My focus and my team’s focus was on perfecting the craft. To see my staff get and then implement new training, and also to hound me to get more, and then for them to grow professionally was wonderful. And what a joy it was to see young people start into this niche business. They learned both a trade and a very sound way to do very good proposals. I saved a picture of Nickey on her first day, April 1, 2006, taking over our reception desk (and doing all the point of contact lists for every bid). Within 2 years, she became 1 of my 3 proposal coordinators. By mid-2014, when it closed finally, she was the best proposal coordinator I ever had.
Many small consulting firms sprang from TPC, and they will do well with what they learned.

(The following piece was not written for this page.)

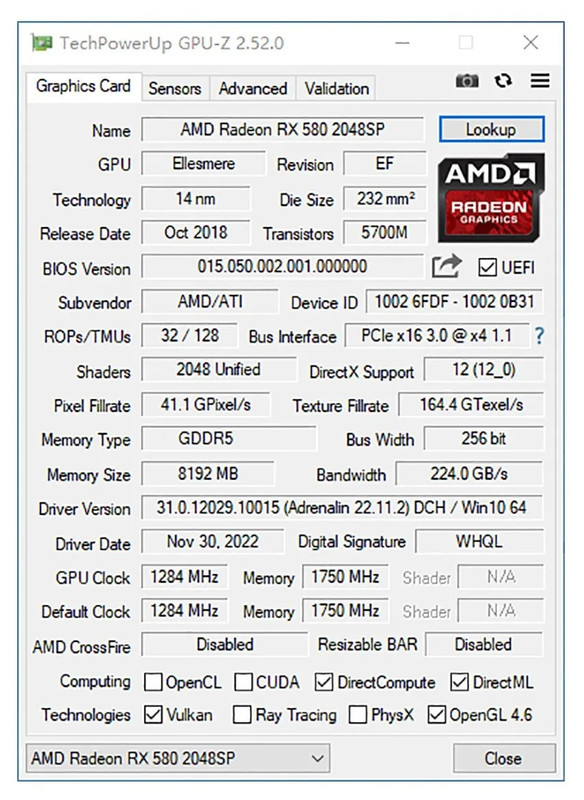 MLLSE-AMD-RX-580-8-GB-2048-SP-Graphics-Card-Video-Card-GDDR5-256-Bit-PCI-E-3-0-jpg.jpg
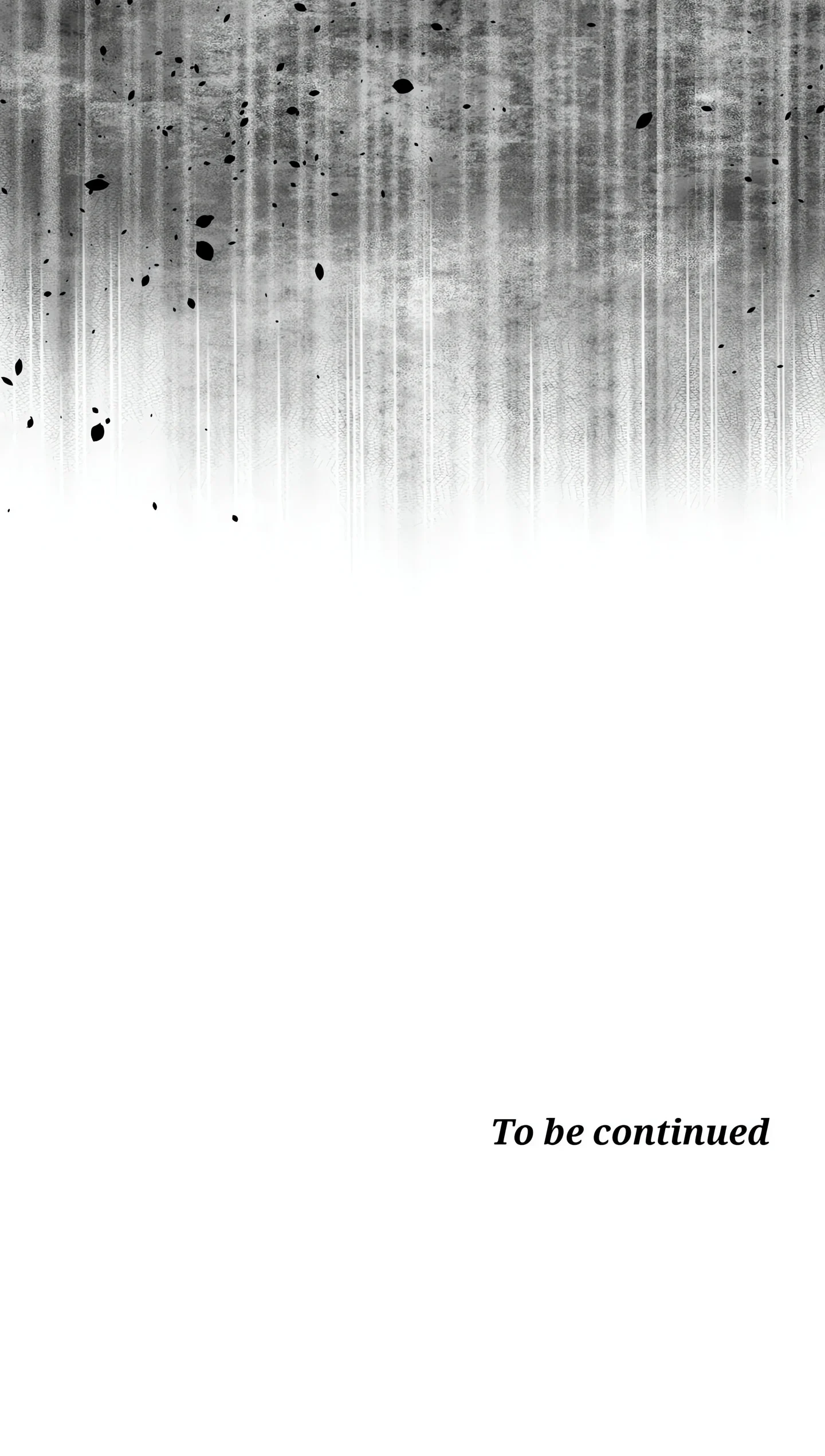Special Service (Official Uncensored) chapter 1 page 20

I never missed a deadline, and it was real busy. Everyone took it very, very seriously. For instance, one day someone found one of my proposal coordinators crying in the ladies room, balling her eyes out, and totally unconsolable. I never saw her cry before about anything. I called her Sarge. She ran a tight ‘end of proposal’ book check with a voice so strong you would think you were the buck private in boot camp and she was an angry Drill Sergeant. She took great pride in her precision. She never missed anything. But that day, it seems the government called and said the required CD’s were not in her shipping boxes. They can throw you out, and this was a Work For Others (WFO) client. It was serious. After getting one of our ladies to make sure there were no razor blades in the ladies room, I set the crew to making new CD’s immediately. You don’t panic in my business. You take a deep breath and do it by the numbers. (You do this, you do this, and you do that! Move out!) Our partner EMCOR’s lead, Doug Rowles, called the CO and asked them to look again. Doug called us back right away. The CD’s were there in their packing material rubble pile. That coordinator never missed anything.
As I indicated there was never a raised voice in The Proposal Center. The worst debate I ever saw was whether or not to capitalize Warfighter. (We did not.) There was instead always a lot of laughter. I will always miss the laughter…and the hustle and the bustle.